Melanie Warrick is a senior developer advocate at Google with a passion for machine learning problems at scale. Melanie’s previous experience includes work as a founding engineer on Deeplearning4j and as a data scientist and engineer at Change.org.

Presentations

Reinforcement Learning Overview session

Reinforcement learning is a popular subfield in machine learning because of its success in beating humans at complex games like Go and Atari. The field’s value is in utilizing an award system to develop models and find more optimal ways to solve complex, real-world problems. This approach allows software to adapt to its environment without full knowledge of what the results should look like.

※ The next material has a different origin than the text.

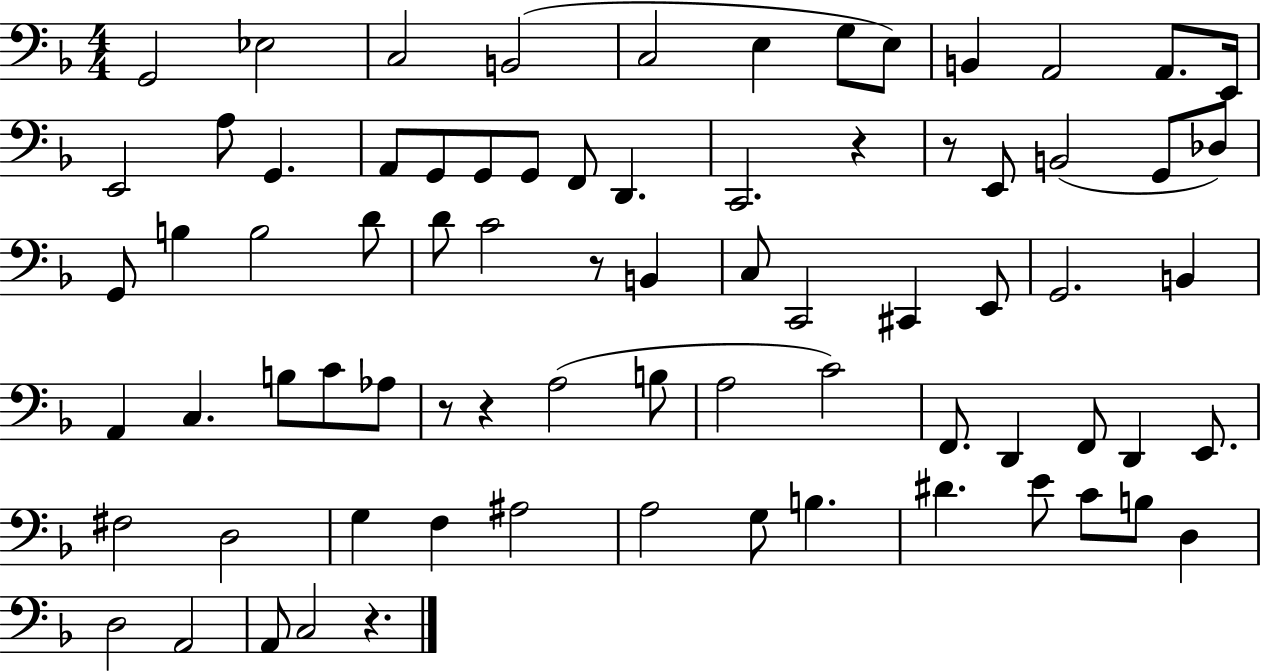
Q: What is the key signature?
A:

John Whalen leads Brilliant Experience, a consultancy that supports intra- and entrepreneurs to ensure the success of mission-critical innovation projects, using a unique blend of user-centered design, psychology, design thinking, and Lean Startup techniques. John draws on his over 15 years of user-centered design experience to help large enterprises integrate brain science into Agile, design thinking, and UCD projects. His specialty is providing businesses with competitive advantages using a mix of user research insights and expert knowledge of human vision, attention, and memory. John has experience (and great stories to tell from) working with Fortune 500 clients in the ecommerce, financial, healthcare, and government verticals. He holds a PhD in cognitive science.

Presentations

Next-generation intelligent applications require cognitive design. session

John Whalen explores the concept of cognitive design, describing how humans structure their commands to AI systems (syntax, word usage, prosody) and how to measure human reactions to AI responses using biometrics (facial emotion recognition, heart rate, GSR). Along the way, John shares insights into how to optimally architect the customer experience.

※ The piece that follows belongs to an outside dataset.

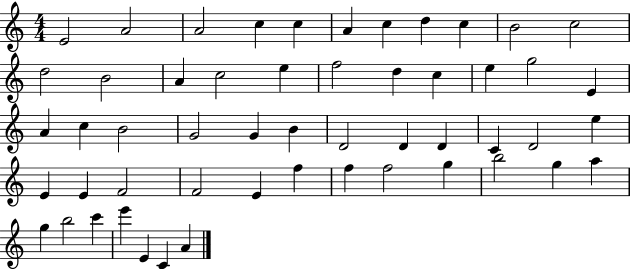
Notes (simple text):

E4/h A4/h A4/h C5/q C5/q A4/q C5/q D5/q C5/q B4/h C5/h D5/h B4/h A4/q C5/h E5/q F5/h D5/q C5/q E5/q G5/h E4/q A4/q C5/q B4/h G4/h G4/q B4/q D4/h D4/q D4/q C4/q D4/h E5/q E4/q E4/q F4/h F4/h E4/q F5/q F5/q F5/h G5/q B5/h G5/q A5/q G5/q B5/h C6/q E6/q E4/q C4/q A4/q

Joel Wu is a visiting scholar and clinical ethics fellow at Children’s Minnesota; a senior fellow and lecturer in the Division of Health Policy and Management at the University of Minnesota’s School of Public Health; and a member of the editorial board for the Journal of Pediatric Ethics. Previously, Joel conducted health policy research and development at the National Academies of Sciences, Engineering, and Medicine at the Institute of Medicine (now the National Academy of Medicine) and at the Brookings Institution’s Engelberg Center for Health Care Reform (now the Center for Health Policy) and completed a fellowship in bioethics at the Mayo Clinic. He holds a JD and an MA in bioethics from Case Western Reserve University and an MPH in epidemiology from the University of Minnesota.

Presentations

The potential ick factor: Ethical considerations for designing in healthcare session

With great cognitive computing comes great responsibility. As AI becomes ubiquitous in our society, it's critical to discuss the ethical concerns of AI and ask the tough questions. This multidisciplinary roundtable opens a dialogue on how bioethical principles might be applied to everyday design practice within healthcare.

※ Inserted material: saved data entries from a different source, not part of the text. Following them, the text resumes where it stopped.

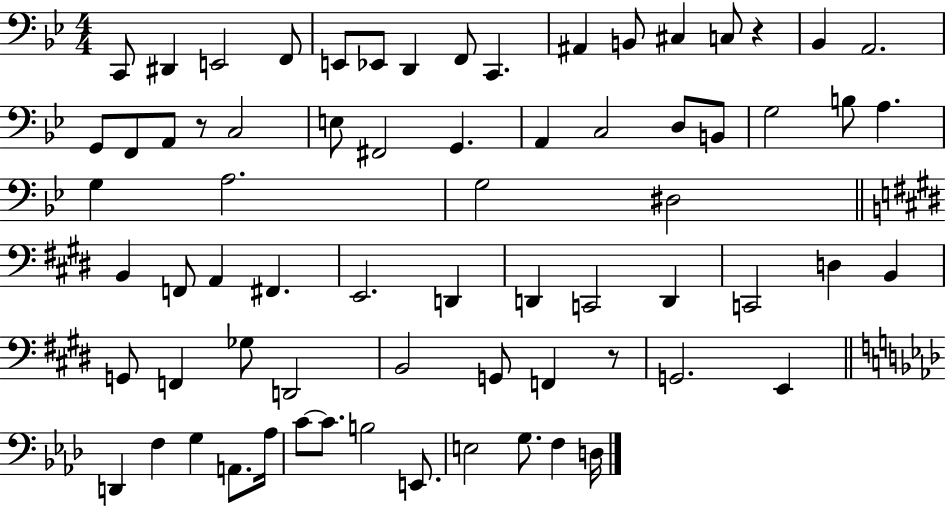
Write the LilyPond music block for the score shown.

{
  \clef bass
  \numericTimeSignature
  \time 4/4
  \key bes \major
  c,8 dis,4 e,2 f,8 | e,8 ees,8 d,4 f,8 c,4. | ais,4 b,8 cis4 c8 r4 | bes,4 a,2. | \break g,8 f,8 a,8 r8 c2 | e8 fis,2 g,4. | a,4 c2 d8 b,8 | g2 b8 a4. | \break g4 a2. | g2 dis2 | \bar "||" \break \key e \major b,4 f,8 a,4 fis,4. | e,2. d,4 | d,4 c,2 d,4 | c,2 d4 b,4 | \break g,8 f,4 ges8 d,2 | b,2 g,8 f,4 r8 | g,2. e,4 | \bar "||" \break \key aes \major d,4 f4 g4 a,8. aes16 | c'8~~ c'8. b2 e,8. | e2 g8. f4 d16 | \bar "|."
}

Reza Bosagh Zadeh is on the faculty at Stanford, where he teaches Distributed Algorithms and Optimization and Discrete Mathematics and Algorithms, and is the founder and CEO of Matroid. His work focuses on machine learning, distributed computing, and discrete applied mathematics. As part of his research, Reza built the machine learning algorithms behind Twitter’s who-to-follow system, the first product to use machine learning at Twitter. Reza is the initial creator of the linear algebra package in Apache Spark and his work has been incorporated into industrial and academic cluster computing environments. Reza serves on the technical advisory board of Microsoft and Databricks. He has been recognized with a KDD Best Paper award and the Gene Golub Outstanding Thesis award. Reza holds his PhD in computational mathematics from Stanford University, completed under the supervision of Gunnar Carlsson.

Presentations

Scaling CNNs with Kubernetes and TensorFlow session

Reza Zadeh presents a Kubernetes deployment on Amazon AWS that provides customized computer vision to a large number of users.